*** DATA FOR THE TASK ***

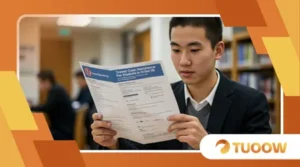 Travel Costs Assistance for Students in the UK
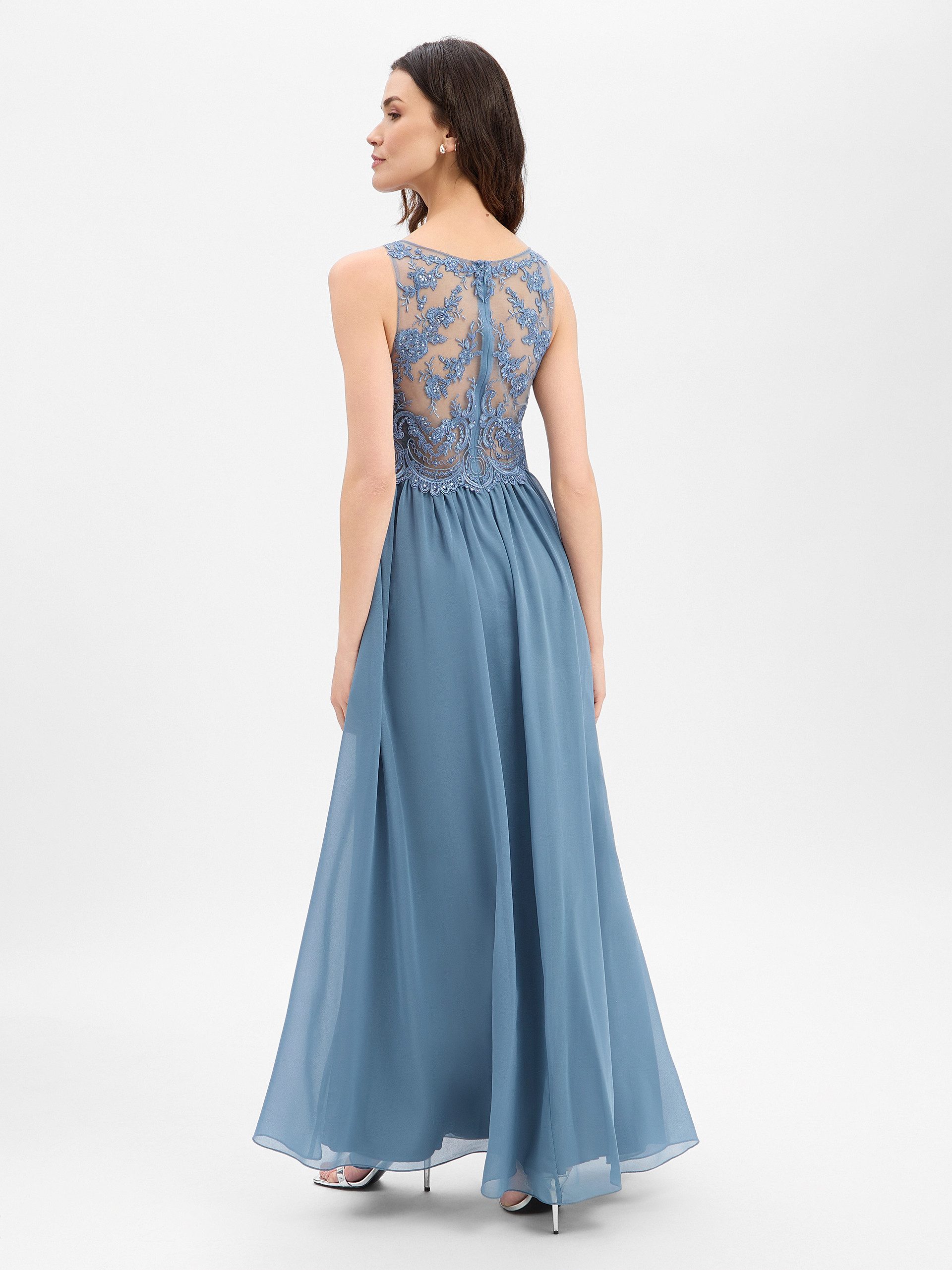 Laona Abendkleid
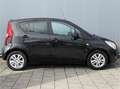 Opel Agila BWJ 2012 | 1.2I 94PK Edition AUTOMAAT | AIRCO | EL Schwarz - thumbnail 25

*** End of DATA FOR THE TASK ***
*** DATA FOR THE TASK ***

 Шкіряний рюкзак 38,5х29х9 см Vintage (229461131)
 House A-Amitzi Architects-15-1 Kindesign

*** End of DATA FOR THE TASK ***
*** DATA FOR THE TASK ***

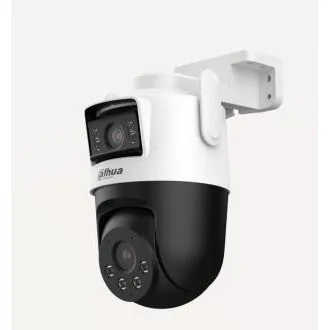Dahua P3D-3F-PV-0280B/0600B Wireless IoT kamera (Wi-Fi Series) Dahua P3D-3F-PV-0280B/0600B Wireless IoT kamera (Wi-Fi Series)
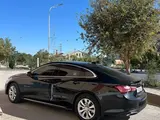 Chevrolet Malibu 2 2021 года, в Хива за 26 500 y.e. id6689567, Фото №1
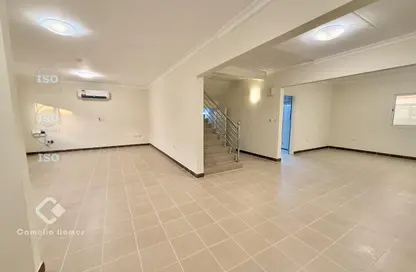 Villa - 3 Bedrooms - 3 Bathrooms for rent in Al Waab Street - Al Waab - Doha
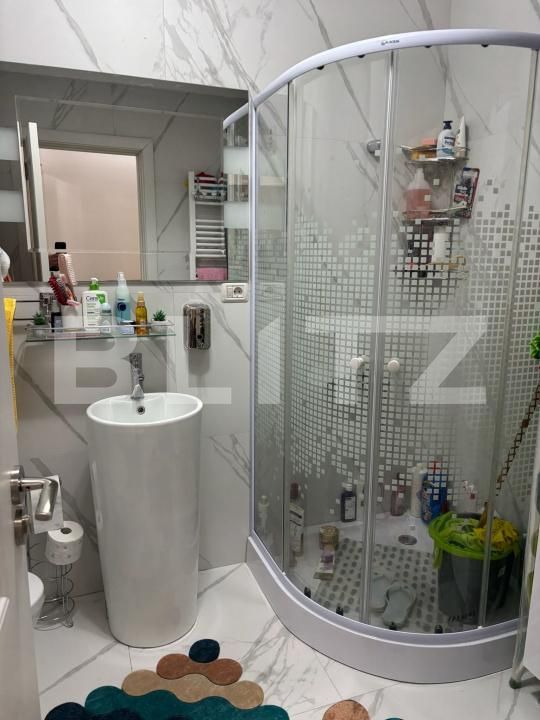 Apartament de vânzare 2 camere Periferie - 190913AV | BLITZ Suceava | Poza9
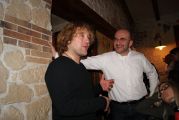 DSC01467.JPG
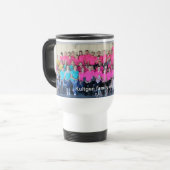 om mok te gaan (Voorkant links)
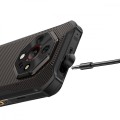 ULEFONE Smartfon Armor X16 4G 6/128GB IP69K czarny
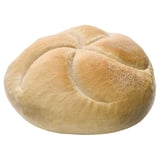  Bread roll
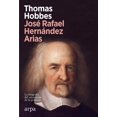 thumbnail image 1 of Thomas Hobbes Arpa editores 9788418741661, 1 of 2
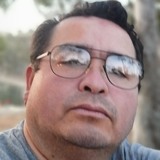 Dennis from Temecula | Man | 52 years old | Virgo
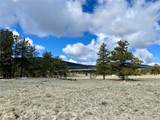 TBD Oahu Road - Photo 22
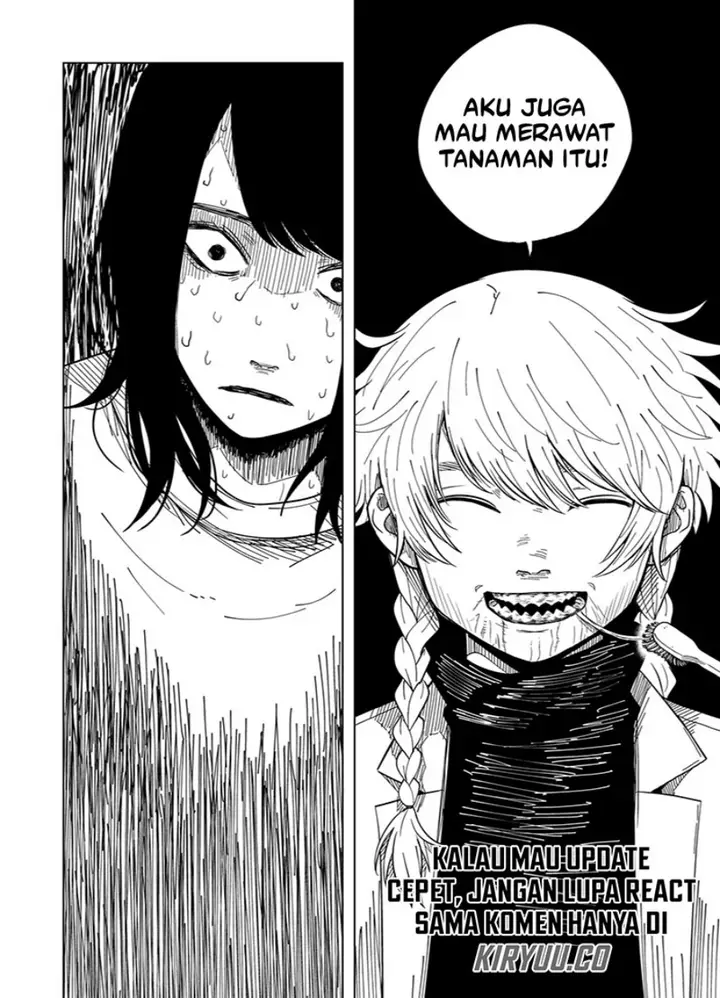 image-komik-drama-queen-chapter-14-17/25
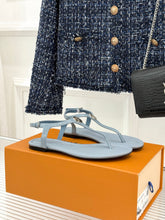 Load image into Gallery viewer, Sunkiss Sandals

*** End of DATA FOR THE TASK ***

## ASSIGNMENT
In the data above, start at the line holding "image-komik-drama-queen-chapter-14-17/25" and stop after the line holding "Load image into"; write out those lines exactly, without pictures.

## ANSWER AREA
 image-komik-drama-queen-chapter-14-17/25
 Load image into Gallery viewer, Sunkiss Sandals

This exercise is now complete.